Manipulação vergonhosa

Neste processo vergonhoso de manipulação, que cooptou vários artistas, as emissoras ouviram somente o lado contrário à portaria 264, que determinava a análise prévia do conteúdo dos programas. Elas inclusive apresentaram a medida como autoritária, elaborada de forma arbitrária pelo governo. Não informaram aos telespectadores que o Ministério da Justiça promoveu audiências públicas nas principais capitais, que uma consulta pública recebeu mais de 11 mil sugestões, que ocorreu um seminário internacional em Brasília, que um livro foi publicado e que a Agência Nacional dos Direitos da Infância foi contratada para realizar um estudo comparativo sobre a legislação de vários países, incluindo os EUA e a Europa.

“A cobertura da grande imprensa escondeu o fato de que a portaria do Ministério da Justiça foi precedida por muitos estudos e amplo debate. Infelizmente, quem se recusou a participar do debate foi a Abert. Sem contar com um noticiário isento, a população foi levada a acreditar que o Brasil estava próximo de adotar uma política totalitária, desconhecendo que quase toda a União Européia já usa critérios de classificação etária. A cobertura da imprensa também não informou que a classificação não incide sobre a TV paga, os tele-jornais e documentários, sobre a propaganda e os programas ao vivo e esportivos. E, tampouco, ela mencionou que há anos convivemos com a classificação etária nas salas de cinema, sem que nenhum produtor, diretor ou ator tenha reclamado”, denuncia Gustavo Gindre, integrante do Coletivo Intervozes.
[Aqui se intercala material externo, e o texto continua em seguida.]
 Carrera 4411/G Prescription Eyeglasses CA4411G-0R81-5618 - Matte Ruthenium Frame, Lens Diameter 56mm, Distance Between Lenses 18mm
Num atentado à democracia e ao próprio jornalismo, as TVs só entrevistaram artistas e diretores famosos, a maior parte da Rede Globo, que compararam a classificação à censura. “Segundo essa posição, o Estado não tem o direito de cobrar que um concessionário de serviço público tenha preocupação com a formação de nossa infância e adolescência. Por essa versão, alterar a exibição de um programa de televisão, baseado na quantidade das cenas de sexo e violência, seria censura”, contesta Gindre. Ele também critica alguns “artistas famosos”, que assinaram o manifesto contra a censura, mas nunca lutaram contra “a censura que já existe nos meios de comunicação privados (tanto no jornalismo quanto na dramaturgia). Onde estavam quando a TV Globo escondeu das telas os comícios das Diretas Já ou quando, mais recentemente, a Vênus Prateada determinou que o casal de lésbicas da nova ‘Torre de Babel’ morresse numa explosão?”.

Altamiro Borges é jornalista, membro do Comitê Central do PCdoB, editor da revista Debate Sindical e autor do livro “As encruzilhadas do sindicalismo” (Editora Anita Garibaldi, 2ª edição).